2002, made in I.D.No.136 of 1995. The first respondent Labour Court had exercised its discretionary power, under Section 11-A of the Industrial Disputes Act, 1947, to set aside the order of termination issued against the second respondent, having found that the said punishment was disproportionate in nature. Further, the Labour Court had found that the management of the petitioner Corporation ought to have considered the fact that the second respondent was suffering from certain illnesses due to which he was absent from work. Since sufficient evidence was available to show that the second respondent had undergone medical treatment, the management of the petitioner Corporation ought to have considered the same before imposing the extreme punishment of dismissal from service on the second respondent workman.

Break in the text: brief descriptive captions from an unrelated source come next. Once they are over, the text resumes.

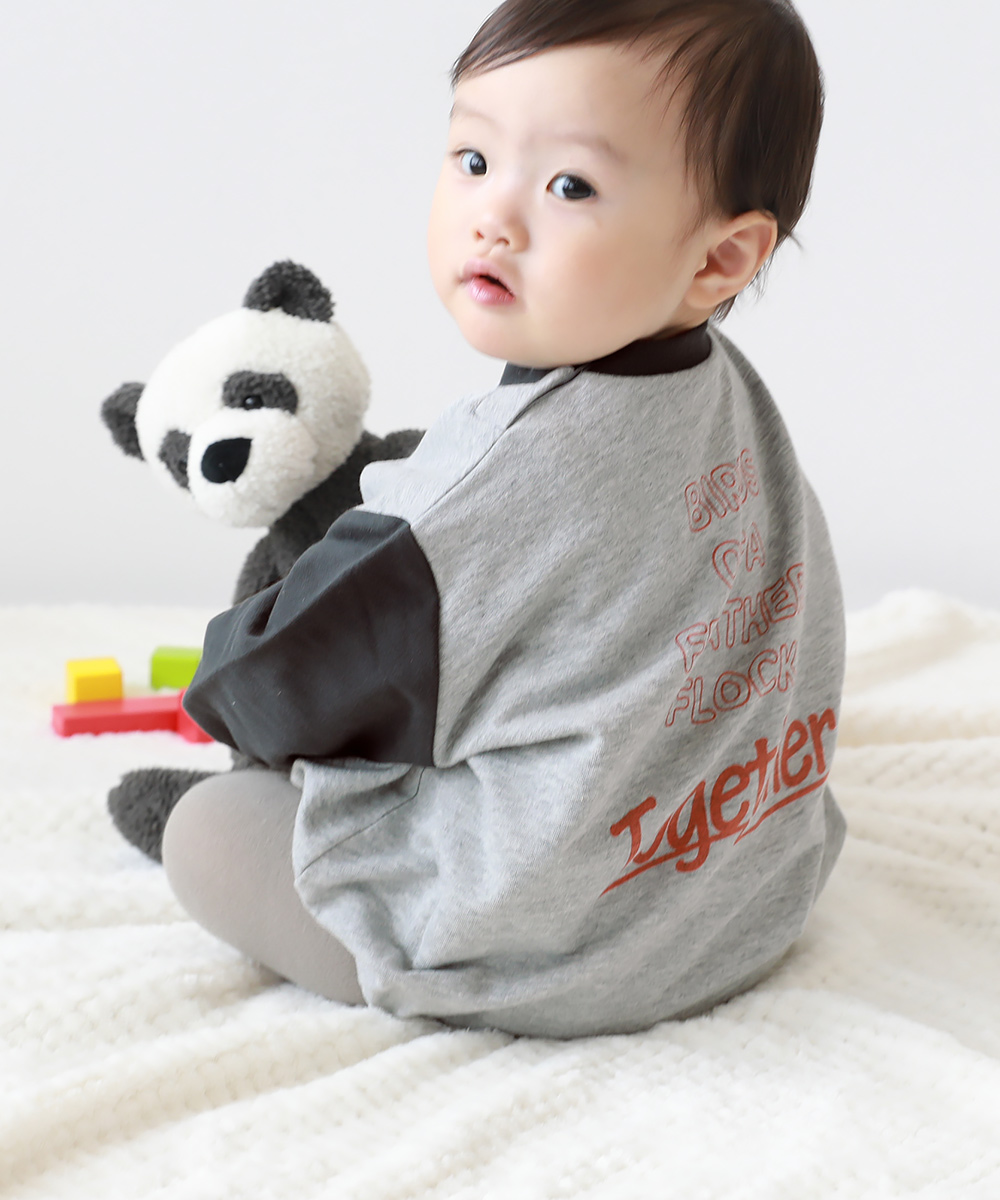 子供服 綿100％ バイカラー スウェットロンパースキッズ 男の子 女の子 カバーオール ロンパース 出産祝い デビロック devirock | devirock | 05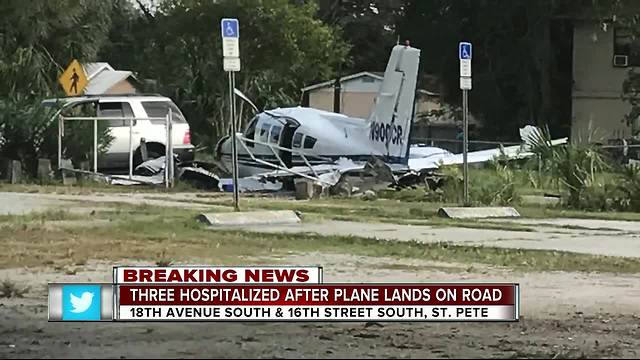 Three hospitalized after plane lands on road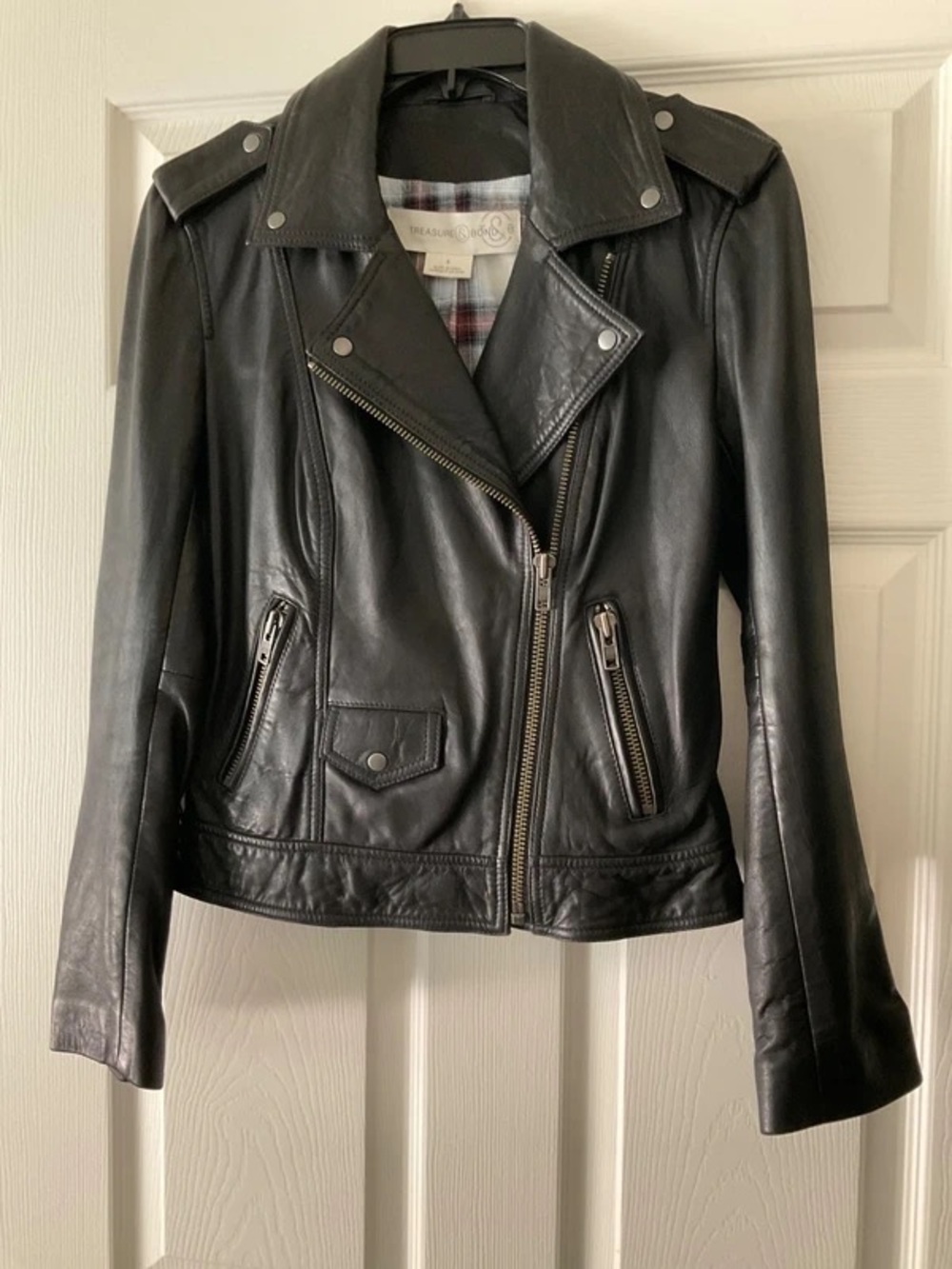Treasure & Bond Black Leather Moto Jacket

Even though the second respondent had submitted his explanation stating the reasons for his absence from work, the same was not considered by the management of the petitioner Corporation before passing the order dismissing the second respondent from service. Thus, it is seen that the first respondent Labour Court had come to its conclusions after considering the evidence on record and by invoking its discretionary power, under Section 11-A of the Industrial Disputes Act, 1947. The petitioner has not been in a position to show that the award of first respondent Labour Court, dated 12. 2002, made in I.D.No.136 of 1995, is either perverse or based on no evidence. In such circumstances, the writ petition is liable to be dismissed. Hence, it is dismissed. No costs.